Set down nothing but the lines from the one containing "страница 157 номер" to the final line of the material, exactly as written, and drop the pictures.

» **INPUT DATA**

◆ ◆ ◆ ◆ ◆ ◆ ◆

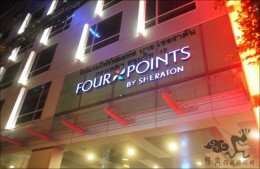 拉萨福朋喜来登酒店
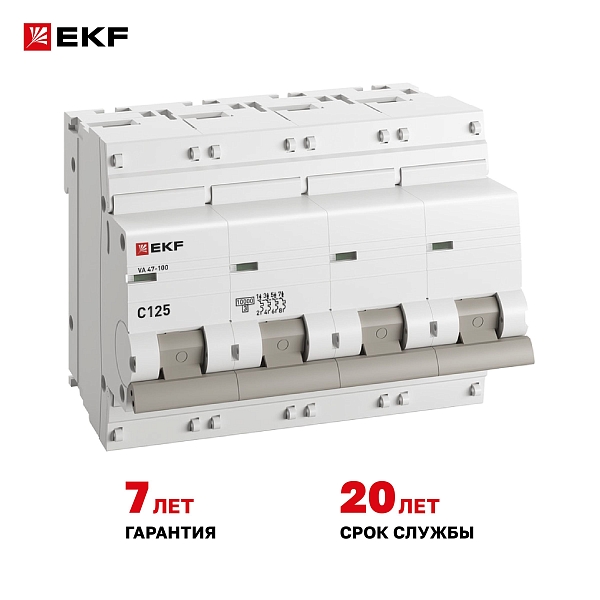Автоматический выключатель ВА 47-100 4P 125А (C) 10kA PROXIMA EKF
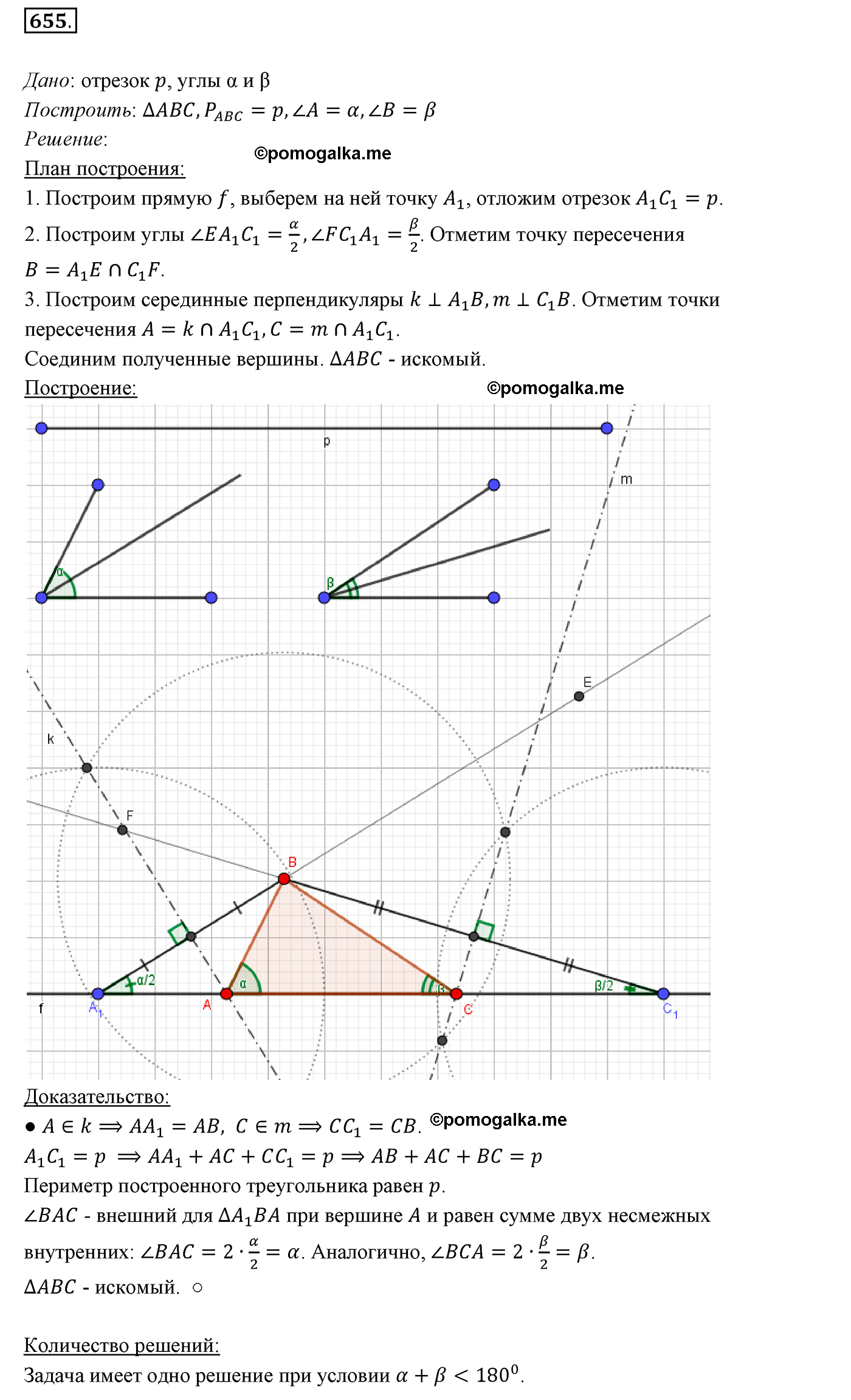 страница 157 номер 655 геометрия 7 класс Мерзляк 2015 год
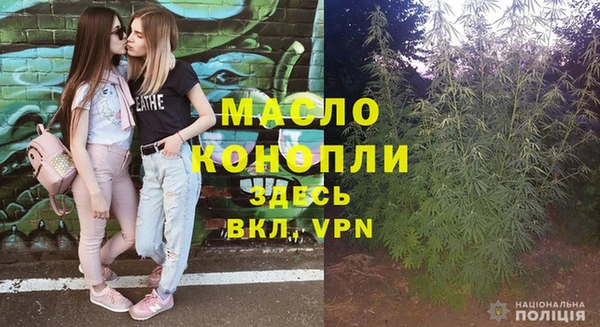 метамфетамин Баксан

◆ ◆ ◆ ◆ ◆ ◆ ◆

» **WRITTEN REPLY**
 страница 157 номер 655 геометрия 7 класс Мерзляк 2015 год
 метамфетамин Баксан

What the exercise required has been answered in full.